Man hat diesen Bußtag oft so verstanden, als richte er sich an nur die einzelnen Christen, als wäre seine Botschaft: Du musst umkehren. Du musst umkehren von deinem verkehrten Leben aus Angst und Enge, musst umkehren aus Sünde und Schande, musst umkehren aus deinem gottlosen Leben. Umkehren zu Gott, umkehren zum Kreuz Jesu Christi, umkehren zu einem Leben, das Gott gefällt.
Andererseits wurde er ursprünglich als öffentlicher Buß- und Bettag, als Tag des Betens in Notzeiten, als Tag des „fürbittenden Eintretens der Kirche für die Schuld der Gläubigen vor Gott“ (Wikipedia) begangen.

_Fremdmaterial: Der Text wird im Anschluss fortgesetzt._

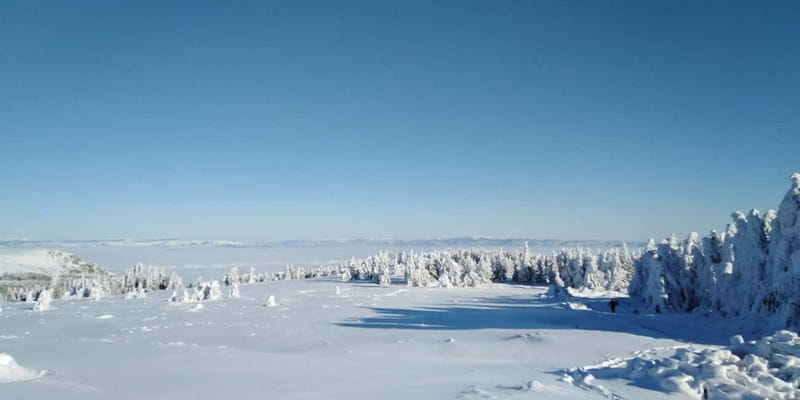 One-Day Hiking with Snowshoes on Vitosha - The 30-minute transfer to Golden Bridges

Beides gehört allerdings zusammen. In unserem Text ist zweifellos die Gemeinde angesprochen. Die Gemeinde besteht aber einzelnen Gläubigen. Also darf man das nicht auseinanderdividieren. Der Bußtag fragt mich und Sie, die Gemeinde und die Kirche insgesamt: „Hörst du, hört ihr das Klopfen an der Tür? Und wirst du, werdet ihr die Tür auftun?“
Der Text ist kein „Strategiepapier, wie das müde Glaubensleben wieder belebt werden kann“ (Klinnert), kein Memorandum für Leuchtturmprojekte, keine Zielvereinbarung im Mitarbeitergespräch, keine Synodalvorlage zur Strukturveränderung und was dergleichen ehrenwerte Versuche in Kirche und Gemeinde in den letzten Jahren gewesen sein mögen - sondern schlicht eine Einladung zur Änderung der Laufrichtung, eine Einladung zur Änderung der Blickrichtung, hin auf das Kreuz Christi, in dem unsere ganze Kraft liegt. Das Heilige Abendmahl, das wir in diesem Gottesdienst miteinander feiern, schenkt uns die Vorfreude auf das Abendmahl, von dem die Offenbarung spricht, das Christus verspricht zu feiern in seinem Reich mit denen, die ihm die Tür auftun.
Wir müssen nur mit Gottes Hilfe die Laufrichtung ändern - hin zum Kreuz von Golgatha.
Amen.
Lit.: Franz Kafka, Kleine Fabel (versch. Quellen, z.B. Ralf Sudau, Kafka, Kurze Prosa/Erzählungen, 16 Interpretationshilfen, ISBN 978-3-12-922637-7); Lars Klinnert, Predigtimpulse, in: Deutsches Pfarrerblatt, Heft 10/2012, S. 578; Art. „Buß- und Bettag“, sowie „Laodicea“ in Wikipedia.